One way to put this:

The integrals iterate over all possible values of \(\mathbf{z}_1, \dots, \mathbf{z}_T\). They are then plugged in for the expression for the joint distribution \(p_\theta(\mathbf{x}, \mathbf{z}_{1,\dots,T})\) to get a probability value, which accumulates across the loop. \(p_\theta(\mathbf{x}, \mathbf{z}_{1,\dots,T})\) maps a tuple of values \((\mathbf{x}, \mathbf{z}_{1,\dots,T})\) to a density value based on the joint distribution.
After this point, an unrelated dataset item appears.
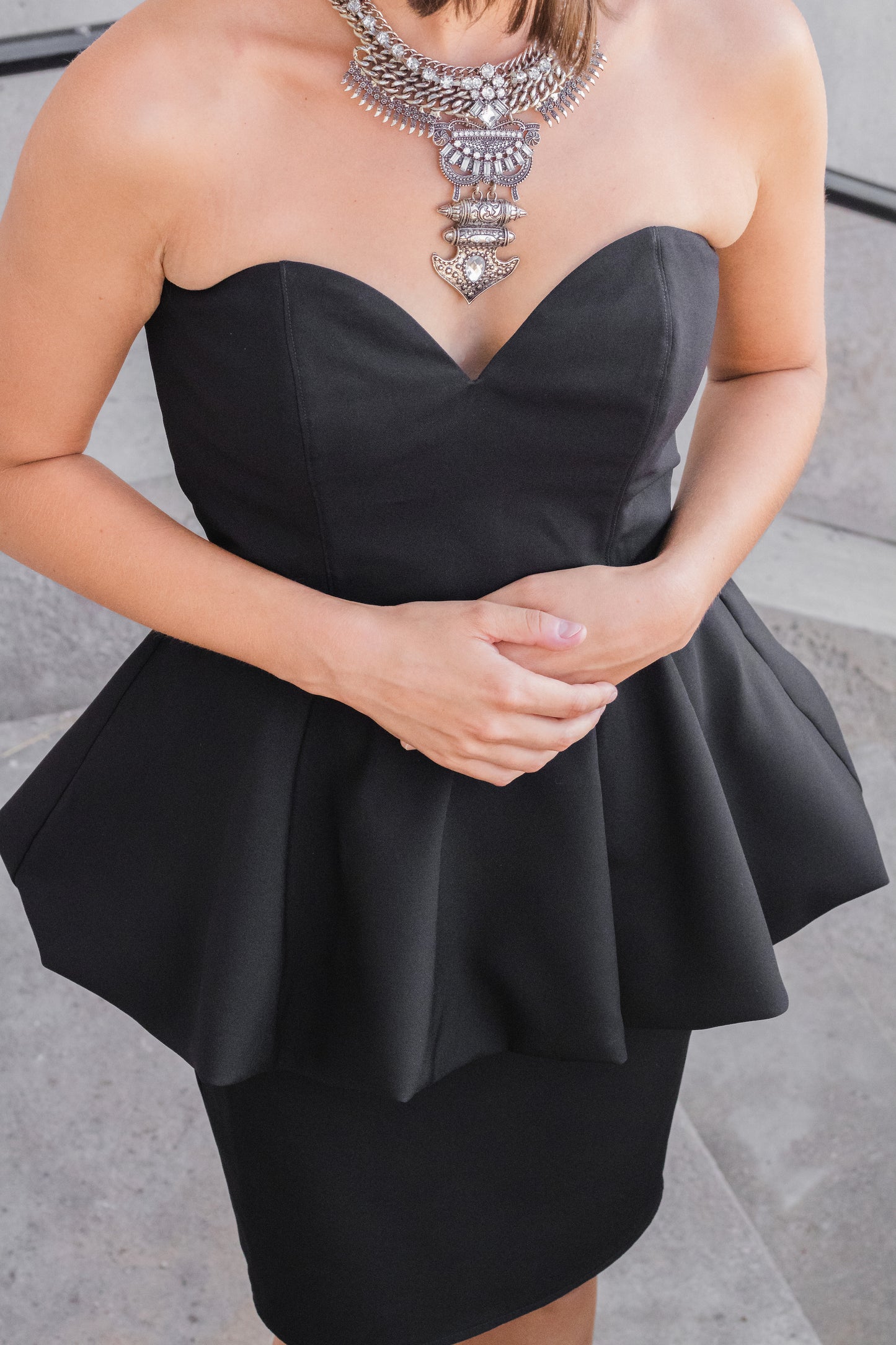 Ethical and sustainable clothing made in Canada - Pros and Cons Apparel.  Strapless little black dress - sweetheart neckline sleeveless mini dress - peplum skirt LBD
However, given this same tuple, \((\mathbf{x}, \mathbf{z}_{1,\dots,T})\), we can evaluate the density by evaluating the probability density of the ‘path’ that goes from \(\mathbf{z}_T\) to \(\mathbf{x}\), which is this expression:

\[p_\theta(\mathbf{x} | \mathbf{z}_1) p_\theta(\mathbf{z}_1 | \mathbf{z}_2) p_\theta(\mathbf{z}_2 | \mathbf{z}_3) \dots p_\theta(\mathbf{z}_{T-1} | \mathbf{z}_T) p_\theta(\mathbf{z}_T)\]

Which is the probability that the decoder takes that ‘path’ from \(\mathbf{z}_T\) to \(\mathbf{x}\).
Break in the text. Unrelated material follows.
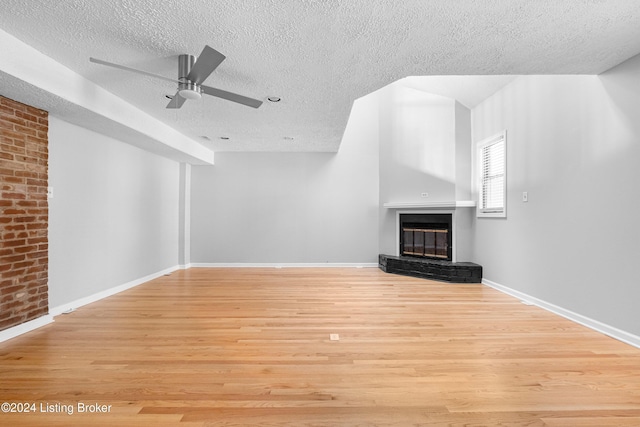 unfurnished living room featuring a textured ceiling, a large fireplace, light hardwood / wood-style flooring, and ceiling fan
Focusing on the Denominator in the log

Now consider:

\[q(\mathbf{z}_{1,…,T}|\mathbf{x})\] \[= q(\mathbf{z}_T |\mathbf{z}_{1,…,T-1},\mathbf{x})q(\mathbf{z}_{1,…,T-1} |\mathbf{x})\]

Since the forward process is a Markov Chain:

\[q(\mathbf{z}_T |\mathbf{z}_{T-1})q(\mathbf{z}_{1,…,T-1} |\mathbf{x})\]

Continuing:

\[q(\mathbf{z}_T |\mathbf{z}_{T-1})q(\mathbf{z}_{T-1}|\mathbf{z}_{T-2}) \dots q(\mathbf{z}_1|\mathbf{x})\]

Thus, evaluating \(q( \mathbf{z}_{1,…,T} \mid \mathbf{x})\) involves starting with \(\mathbf{x}\), and evaluating the probability fo the chain of events leading from \(\mathbf{x}\) to \(\mathbf{z}_T\).

Using Bayes’ rule:

\[q(\mathbf{z}_t|\mathbf{z}_{t-1}) =\] \[q(\mathbf{z}_t | \mathbf{z}_{t-1},\mathbf{x}) = \frac{q(\mathbf{z}_{t-1} | \mathbf{z}_t)q(\mathbf{z}_t | \mathbf{x})}{q(\mathbf{z}_{t-1}|\mathbf{x})}\] \[q(\mathbf{z}_t| \mathbf{z}_{t-1})=q\left(\mathbf{z}_t| \mathbf{z}_{t-1},\mathbf{x}\right)=\frac{q\left(\mathbf{z}_{t-1}| \mathbf{z}_t\right)q\left(\mathbf{z}_t| \mathbf{x}\right)}{q\left(\mathbf{z}_{t-1}| \mathbf{x}\right)}\]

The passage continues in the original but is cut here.